Es muy posible que ya en Camp David Arafat estuviera convencido de que si los israelíes habían cedido tanto en tan poco tiempo, un empujón más podía terminar de doblegarlos, sobre todo si la opinión pública internacional se alineaba con la causa palestina. De hecho, mientras tenían lugar las conversaciones de Camp David, se mantenían en Gaza y Cisjordania campamentos para niños en los que los palestinos los entrenaban para la guerra siguiendo las técnicas propias de grupos terroristas. No se trató de un fenómeno aislado, sino de unas veinte mil criaturas —algunas de edad muy temprana— a las que se adiestró en estancias de tres semanas de duración. No son pocos los ejércitos de todo el mundo que no proporcionan a sus soldados de reemplazo un entrenamiento de esa calidad. También es verdad que, en esos casos, las naciones en cuestión no esperan entrar en guerra a corto plazo.

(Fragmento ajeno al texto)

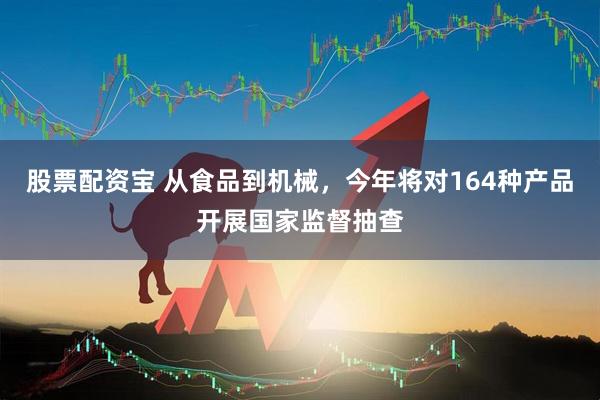 股票配资宝 从食品到机械，今年将对164种产品开展国家监督抽查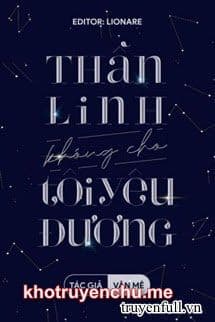 Thần Linh Không Cho Tôi Yêu Đương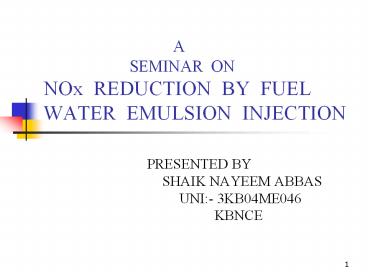 A           SEMINAR ON NOx REDUCTION BY FUEL WATER EMULSION INJECTION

Sin embargo, Arafat sí estaba decidido a desencadenar esa guerra. Ya en agosto de 2000, un mes antes del estallido de la segunda intifada, Al Fatah estaba trasladando armamento a Gaza y Cisjordania, valiéndose entre otras vías del túnel de Rafah. La cuestión ahora se reducía a encontrar el mejor momento para provocar el conflicto de manera tal que la responsabilidad recayera sobre Israel, precisamente la parte que más había cedido en el proceso de paz y que seguía abierta a la posibilidad de concluirlo en breve plazo.

El 27 de septiembre —el mismo día que el soldado israelí David Birri, miembro de una patrulla mixta de vigilancia, era asesinado por su compañero palestino— Ehud Barak comunicó de manera personal a Arafat que, al día siguiente, Ariel Sharon iba a visitar la explanada del Templo. Barak esperaba que Arafat pudiera plantear alguna objeción, pero el dirigente palestino no dijo absolutamente nada. Cualquiera hubiera pensado que no tenía ningún inconveniente y, efectivamente, en armonía con su actitud, el día 28 Ariel Sharon se dirigió hacia la explanada del Templo. Alentados por proclamas que afirmaban que Sharon iba al enclave sagrado con la intención de profanar las mezquitas o incluso a derribarlas, millares de palestinos se lanzaron sobre el lugar y, acto seguido, iniciaron una oleada de violencia en la que hicieron uso no sólo de piedras sino también de cócteles Molotov y armas automáticas.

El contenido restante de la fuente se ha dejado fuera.